The UN report further denounced the “huge firepower” used in Gaza, saying Israel launched more than 6,000 airstrikes and fired 50,000 artillery shells on the besieged enclave.
It said hundreds of Palestinians were killed in their own homes, showing that Israelis were not so much concerned about the fate of the civilians in their airstrikes.
“The fact that Israel did not revise its practice of airstrikes, even after their dire effects on civilians became apparent, raises questions of whether this was part of a broader policy which was at least tacitly approved at the highest level of government,” the statement said.
The report said that 742 people lost their lives in the attacks that targeted families living in residential buildings. At least 142 families lost three or more members in the attacks, it said.
As part of the probe, the UN investigators interviewed a member of the Al Najjar family who lost 19 of his relatives in an attack in Khan Younis on July 26.
“We all died that day, even those who survived,” said the Palestinian survivor.
The Commission, led by the New York judge Mary McGowan Davis, also regretted that a sense of “impunity prevails across the board for violations ... allegedly committed by Israeli forces, whether it be in the context of active hostilities in Gaza or killings, torture and ill-treatment in the West Bank.”
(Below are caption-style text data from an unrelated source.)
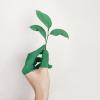 Green plant growing out of a person's hand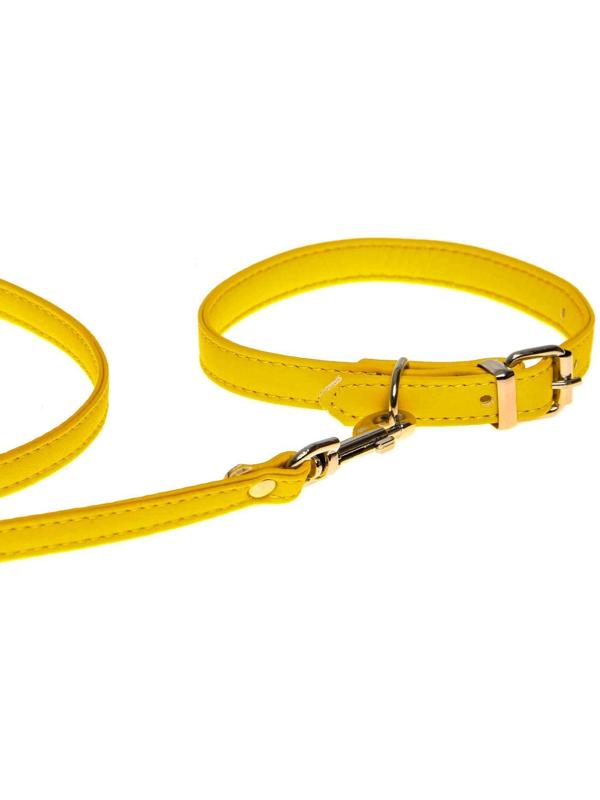 Комплект ошейник (26-34х1.4 см) и поводок (120х1 см) из экокожи, жёлтый
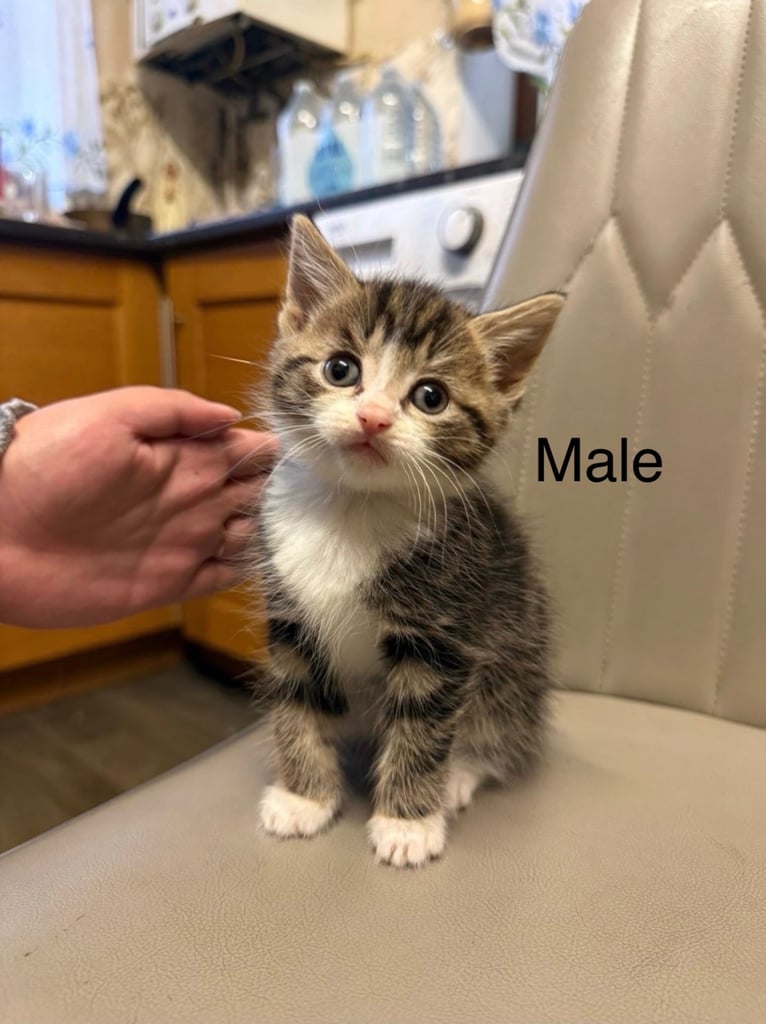 Adorable Kittens Ready for Loving Homes 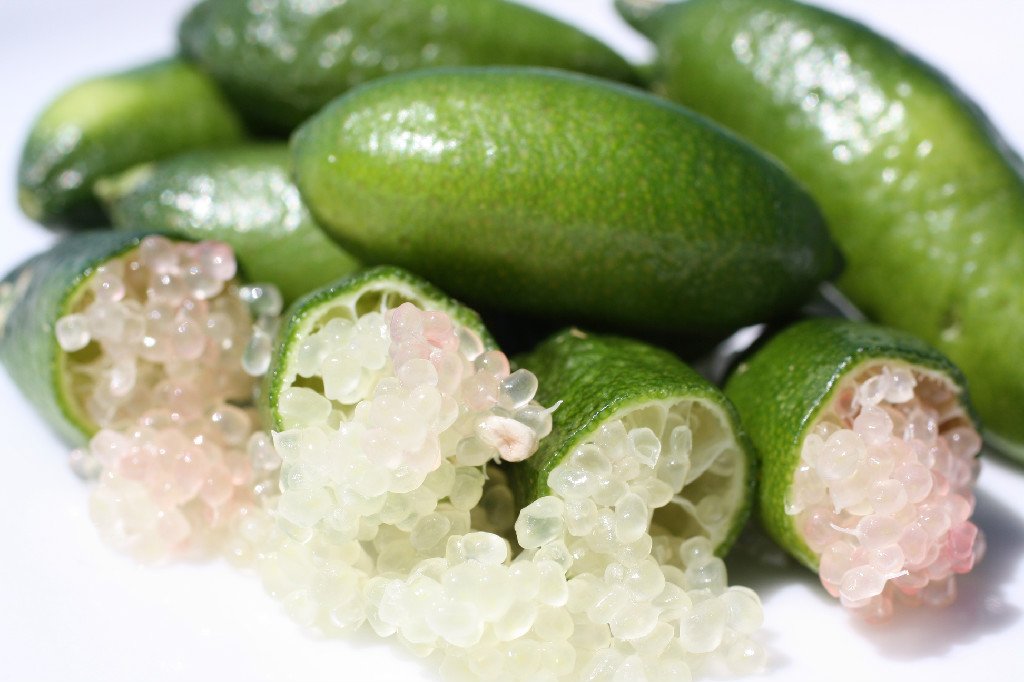 Citrus Australasica Finger Lime 12cm Cambridge Bee
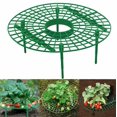 thumbnail image 5 of Paquete de soportes de fresa para jardín, soporte de planta de fresa, soporte de fresa, bastidores de fresa, marco de cultivo XianweiShao 9024715148162, 5 of 5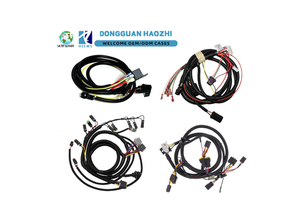 Custom Motor Controller Signal Cables Power Wiring Harness Assembly for EV Automotive ECU BMS Systems Automotive Wire Harness
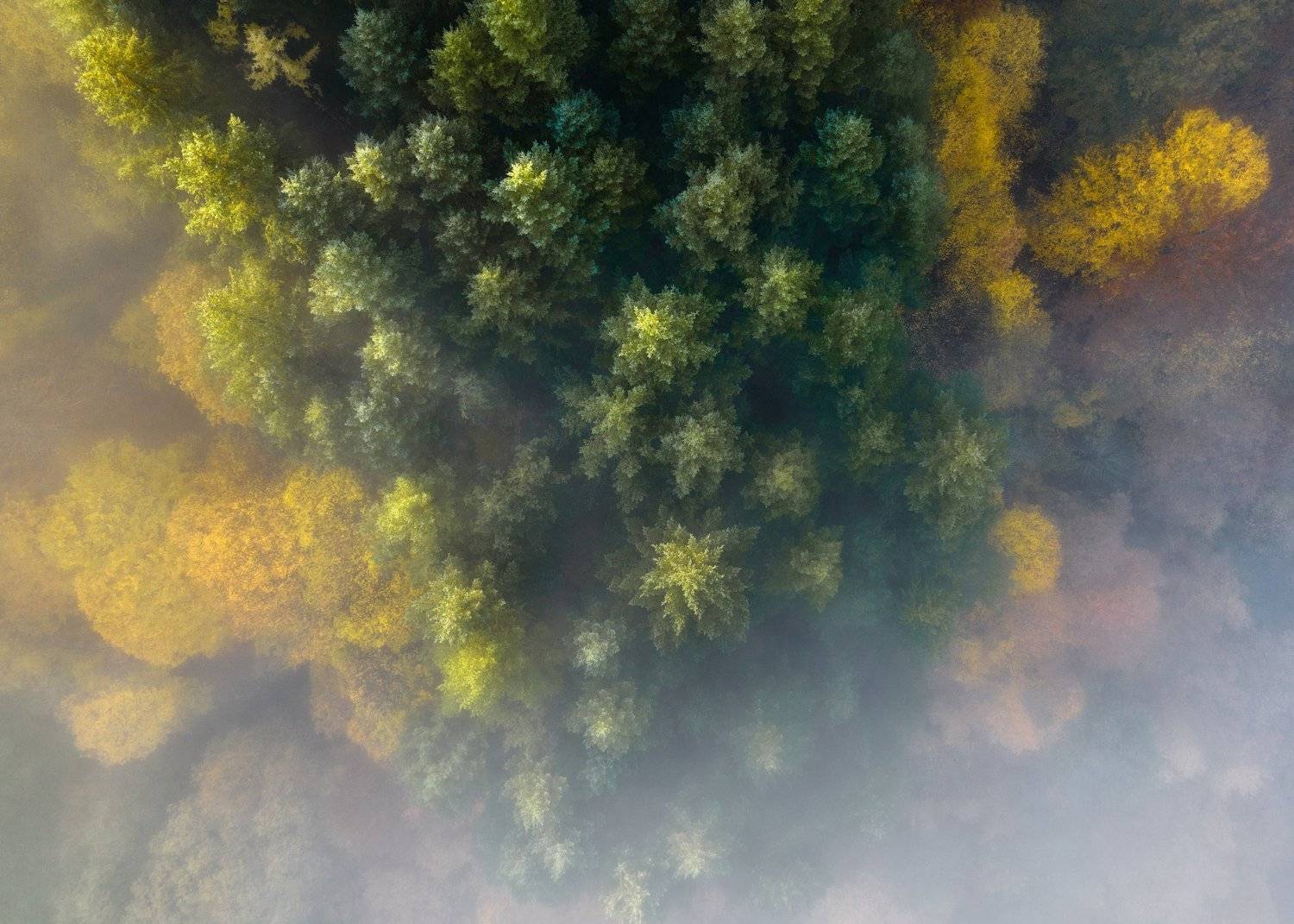 , Radoslav Sviretsov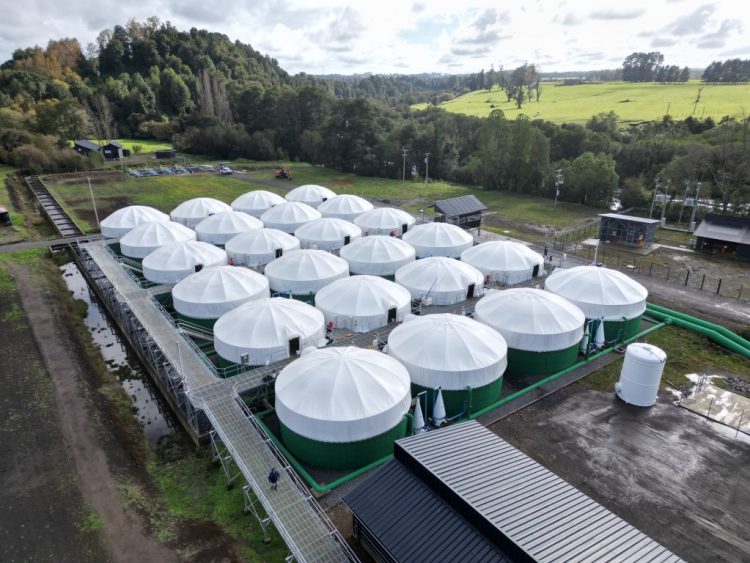 Blumar informa logros de la piscicultura de Puyehue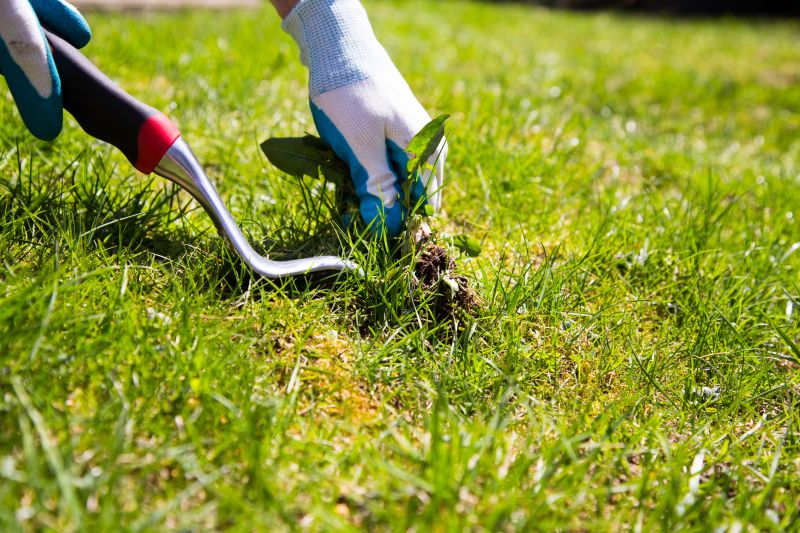 Garden Deweeding in Aiken, SC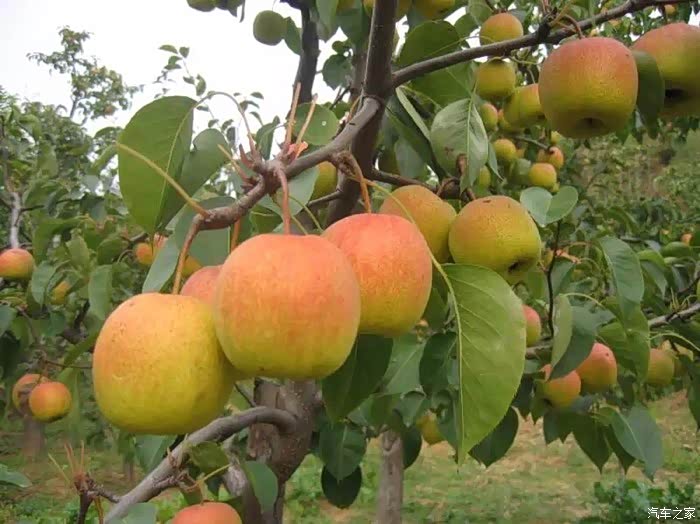 北京大兴梨花村采摘节开幕了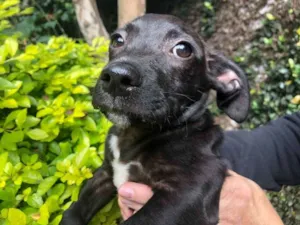 Cachorro raça SRD idade 2 a 6 meses nome Sem Nome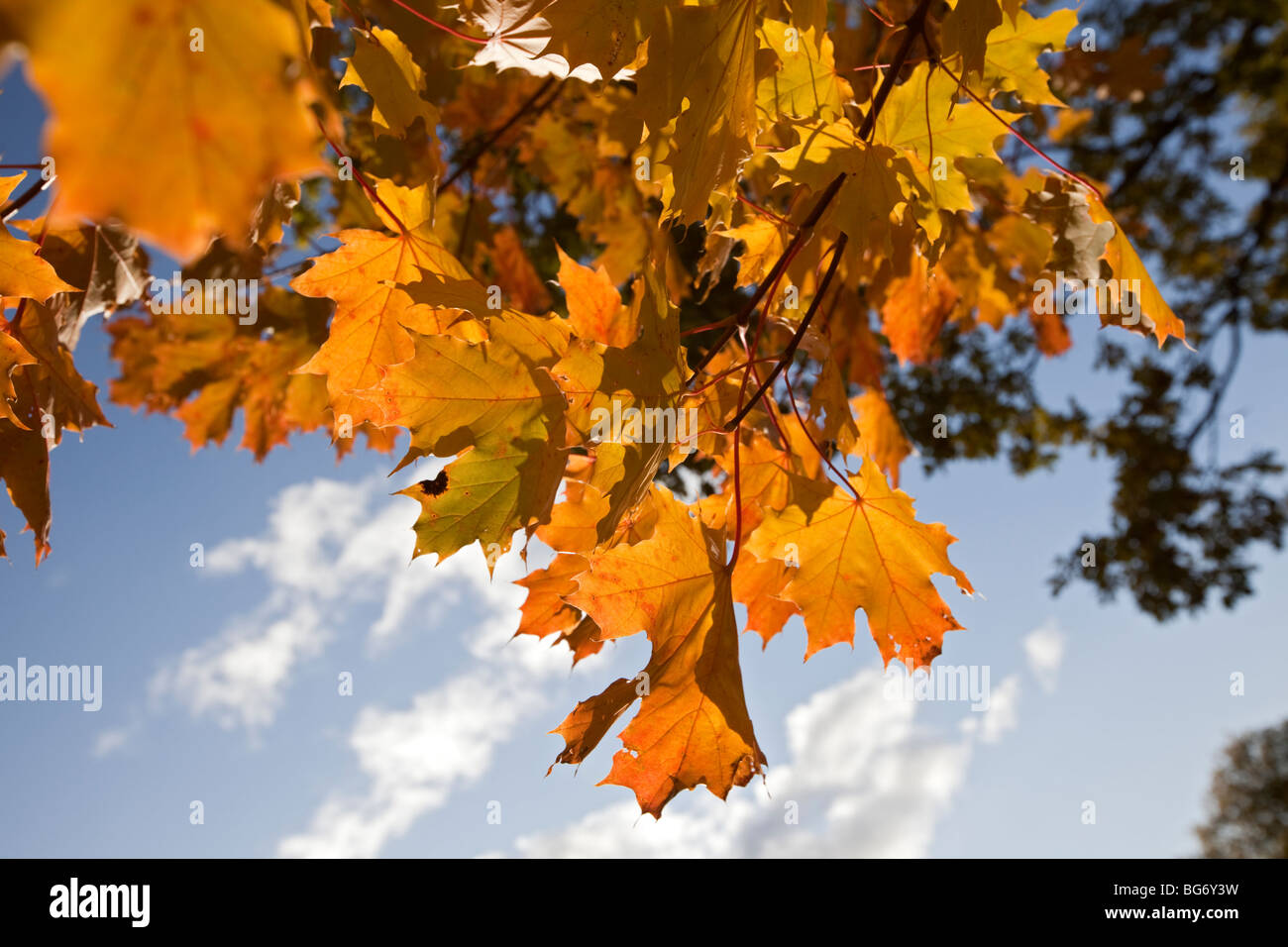 Rovere, Ek (Quercus robur) Foto Stock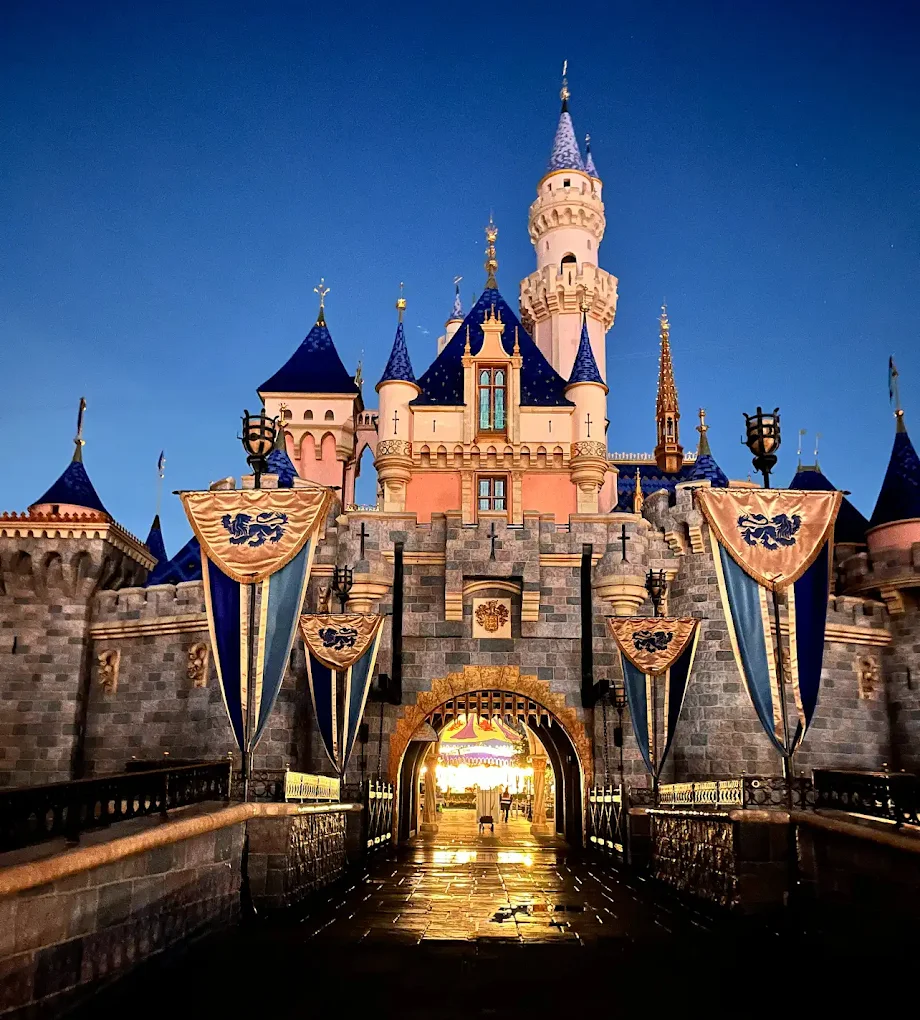 디즈니랜드 관련사진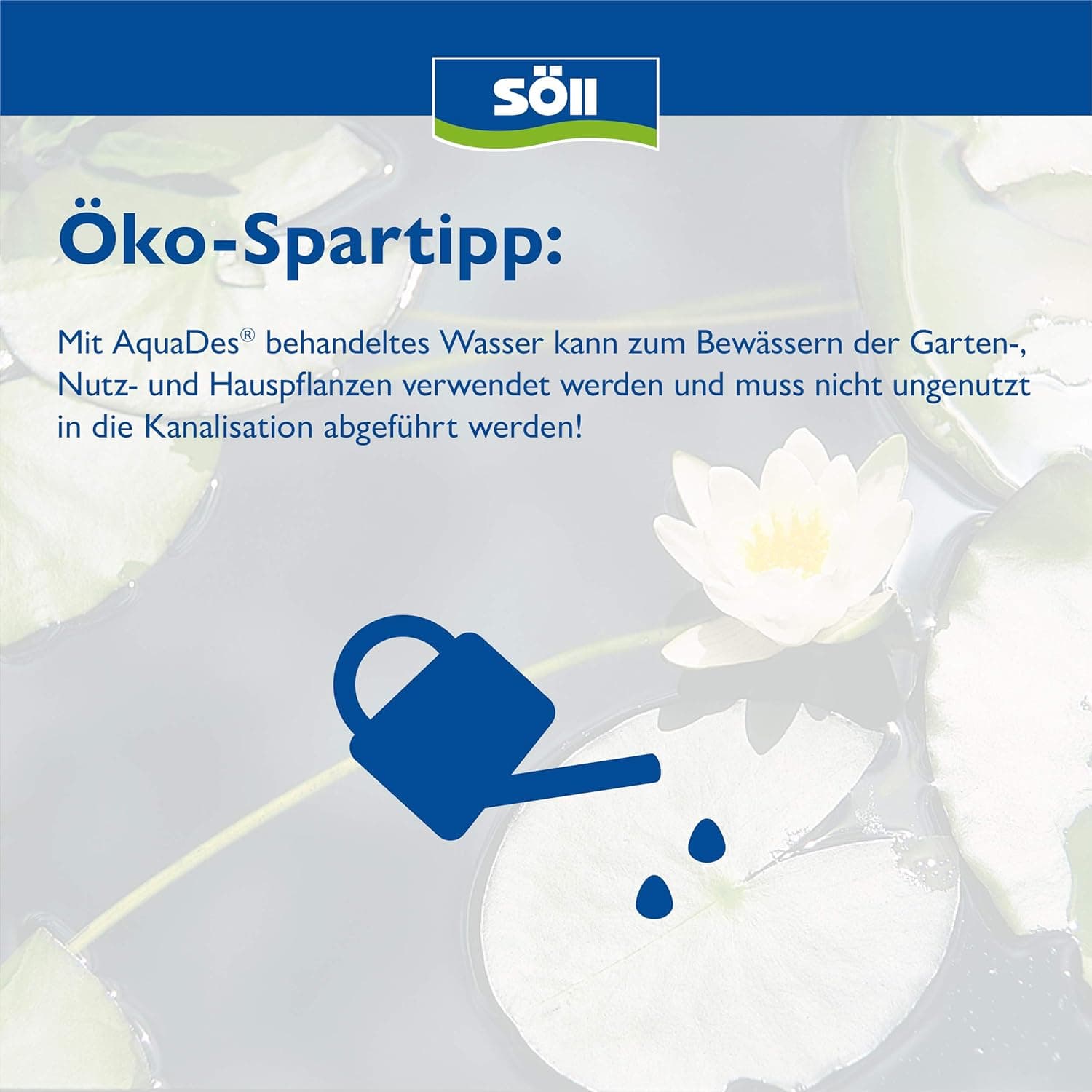 Söll 81456 AquaDes 2,5 l - Pool-Desinfektion, Poolreinigung, Wasserpflege gegen Bakterien und Keime, Desinfektionmittel für Pool Planschbecken Schwimmbecken Kinderpool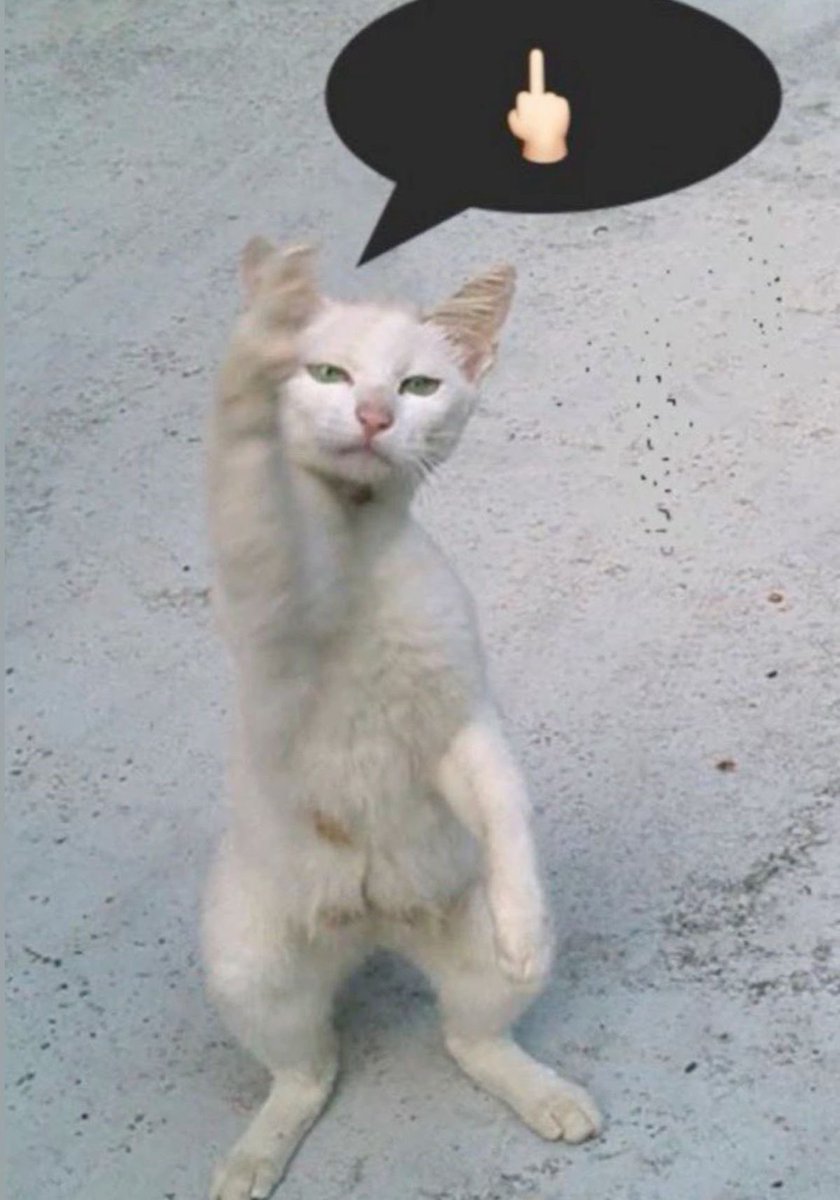 Punch Cat (@punchingcat) on Twitter photo 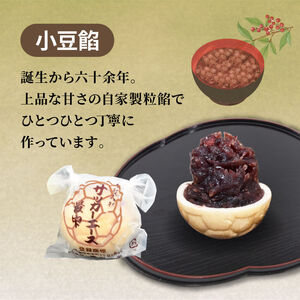 サッカー エース 最中 3種 15個 詰め合わせ 小豆 紅芋 抹茶 おやつ 菓子 和菓子 もなか 贈答 贈り物 プレゼント 祝い お取り寄せ グルメ ご当地 スイーツ 静岡県 藤枝市 （和菓子 最中 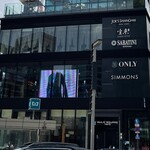 サバティーニ・ディ・フィレンツェ -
Elsewhere in the report, the commission said it had gathered "substantial information pointing to the possible commission of war crimes by both Israel and Palestinian armed groups."
According to prior schedules, the UN report on the Gaza war had to be published during the Human Rights Council's main annual session in March, but it was delayed after the head of the investigation team was forced to step down under pressure from Israel.
Israel even called on the inquiry to be shelved, saying that the commission and its superior body, the Human Rights Council, were inherently biased against Tel Aviv.
Israelis repeated the allegations of bias on Monday, calling the UN report as politicized and flawed.
“It is well known that the entire process that led to the production of this report was politically motivated and morally flawed from the outset,” said a statement from Israel’s Foreign Ministry, branding the UN Human Rights Council “a notoriously biased institution.”
Responding to claims of killing families almost deliberately, the Tel Aviv statement denied any wrongdoing, saying its military acted professionally.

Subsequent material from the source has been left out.